Kansas is just a concept (Sunday's Poem, 22)


Reading Moby-Dick at 30,000 Feet

by Tony Hoagland

At this height, Kansas
is just a concept,
a checkerboard design of wheat and corn

no larger than the foldout section
of my neighbor's travel magazine.
At this stage of the journey

I would estimate the distance
between myself and my own feelings
is roughly the same as the mileage

from Seattle to New York,
so I can lean back into the upholstered interval
between Muzak and lunch,

a little bored, a little old and strange.
I remember, as a dreamy
backyard kind of kid,

tilting up my head to watch
those planes engrave the sky
in lines so steady and so straight

they implied the enormous concentration
of good men,
but now my eyes flicker

from the in-flight movie
to the stewardess's pantyline,
then back into my book,

where men throw harpoons at something
much bigger and probably
better than themselves,

wanting to kill it,
wanting to see great clouds of blood erupt
to prove that they exist.

Imagine being born and growing up,
rushing through the world for sixty years
at unimaginable speeds.

Imagine a century like a room so large,
a corridor so long
you could travel for a lifetime

and never find the door,
until you had forgotten
that such a thing as doors exist.

Better to be on board the Pequod,
with a mad one-legged captain
living for revenge.

Better to feel the salt wind
spitting in your face,
to hold your sharpened weapon high,

to see the glisten
of the beast beneath the waves.
What a relief it would be

to hear someone in the crew
cry out like a gull,
Oh Captain, Captain! Where are we going now?

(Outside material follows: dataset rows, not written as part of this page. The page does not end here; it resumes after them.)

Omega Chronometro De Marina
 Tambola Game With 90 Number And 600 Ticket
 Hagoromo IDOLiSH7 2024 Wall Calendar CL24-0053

_________________________________________

I picked this poem based on the title alone, at first, doing so because one of the main reasons I love flying is that it represents absolute freedom to read. Every other time in your life that you choose to just sit and read a book, there are are 10,000 other things you could be doing: yardwork, housework, work-work...but on a plane, you are free to do...nothing. Nothing but read.

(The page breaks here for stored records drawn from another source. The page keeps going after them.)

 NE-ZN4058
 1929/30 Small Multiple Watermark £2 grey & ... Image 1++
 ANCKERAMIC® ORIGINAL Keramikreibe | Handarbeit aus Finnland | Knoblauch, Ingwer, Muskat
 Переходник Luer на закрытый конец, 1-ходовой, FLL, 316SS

Then, when I read the poem, I liked how it captured the moment of reading on the plane, and expanded it to something else, to the daydreaming that occurs on a plane linked to the daydreaming that occurs as a child and the dreaming that occurs when reading, and contrasted that all with the reality of life. In the end, I think the poem stands for the concept that it is the things that occur in our dreams and imaginations that are far better than the things we experience in real life.